To quote that noted Australian Greek Orthodox thinker, Con the Fruiterer, “Bewdiful”.

Jesus prayed to the Father for his disciples and, by extension, for all his followers in later centuries “... that they may be one, as we are one.”  How can we today realise the unity that Jesus intended for the Church?

The sad reality is that we have inherited a Christian church that is divided.

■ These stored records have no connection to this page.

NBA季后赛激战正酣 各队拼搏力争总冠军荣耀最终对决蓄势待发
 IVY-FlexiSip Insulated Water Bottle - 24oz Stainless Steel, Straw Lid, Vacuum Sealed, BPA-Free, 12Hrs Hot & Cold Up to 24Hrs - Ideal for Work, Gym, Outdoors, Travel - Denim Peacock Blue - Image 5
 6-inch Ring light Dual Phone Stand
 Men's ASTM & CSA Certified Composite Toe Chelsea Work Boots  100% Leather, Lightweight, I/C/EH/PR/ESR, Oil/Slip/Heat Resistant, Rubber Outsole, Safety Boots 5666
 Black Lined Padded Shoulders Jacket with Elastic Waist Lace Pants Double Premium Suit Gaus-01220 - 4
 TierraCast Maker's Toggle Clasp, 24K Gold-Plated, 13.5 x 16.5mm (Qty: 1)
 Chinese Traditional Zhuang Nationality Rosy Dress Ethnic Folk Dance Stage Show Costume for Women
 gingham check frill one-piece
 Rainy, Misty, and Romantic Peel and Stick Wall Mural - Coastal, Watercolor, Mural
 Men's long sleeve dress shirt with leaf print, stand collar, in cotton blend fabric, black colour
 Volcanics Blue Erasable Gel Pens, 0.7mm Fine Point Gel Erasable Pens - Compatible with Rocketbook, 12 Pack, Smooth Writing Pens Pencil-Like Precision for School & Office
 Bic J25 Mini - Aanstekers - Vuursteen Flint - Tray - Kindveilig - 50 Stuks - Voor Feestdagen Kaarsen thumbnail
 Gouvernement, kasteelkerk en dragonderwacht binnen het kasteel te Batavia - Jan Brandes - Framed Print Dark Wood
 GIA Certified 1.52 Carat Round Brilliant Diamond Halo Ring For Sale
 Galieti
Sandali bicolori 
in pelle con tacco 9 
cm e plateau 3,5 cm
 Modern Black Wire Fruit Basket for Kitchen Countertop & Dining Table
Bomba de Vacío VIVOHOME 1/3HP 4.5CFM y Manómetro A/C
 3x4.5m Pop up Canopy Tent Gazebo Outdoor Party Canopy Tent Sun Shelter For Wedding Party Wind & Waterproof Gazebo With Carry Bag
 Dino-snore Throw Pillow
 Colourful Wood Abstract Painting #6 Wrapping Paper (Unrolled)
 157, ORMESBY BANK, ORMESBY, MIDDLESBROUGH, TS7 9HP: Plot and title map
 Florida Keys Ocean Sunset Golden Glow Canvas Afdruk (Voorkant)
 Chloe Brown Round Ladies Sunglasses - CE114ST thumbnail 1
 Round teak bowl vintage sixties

Some of us still remember the “bad old days”, when the church you attended at least partly determined such diverse things as:
  • the jobs for which you applied,
  • the political party for whom you voted,
  • the families with whom your family socialised, and
  • even the football team which you supported.
Thankfully, those days are over.  The worst of the evil sectarian attitudes of the “bad old days” are only present in a handful of diehards.  But we have still inherited a Christian church that is sadly divided.  The words of Jesus’ prayer remain a challenge to all Christians: “... that they may be one, as we are one.”

And a major part of this challenge is for each part of the Church to bring the best they can offer to enrich the life of the wider Church, be it Roman Catholic spirituality, Anglican liturgy, Lutheran hymns, Orthodox icons, or Baptist fellowship dinners.  May each section of Christ’s body bring the best of its life together to enrich each other, in service to Jesus’ prayer “... that they may be one, as we are one.”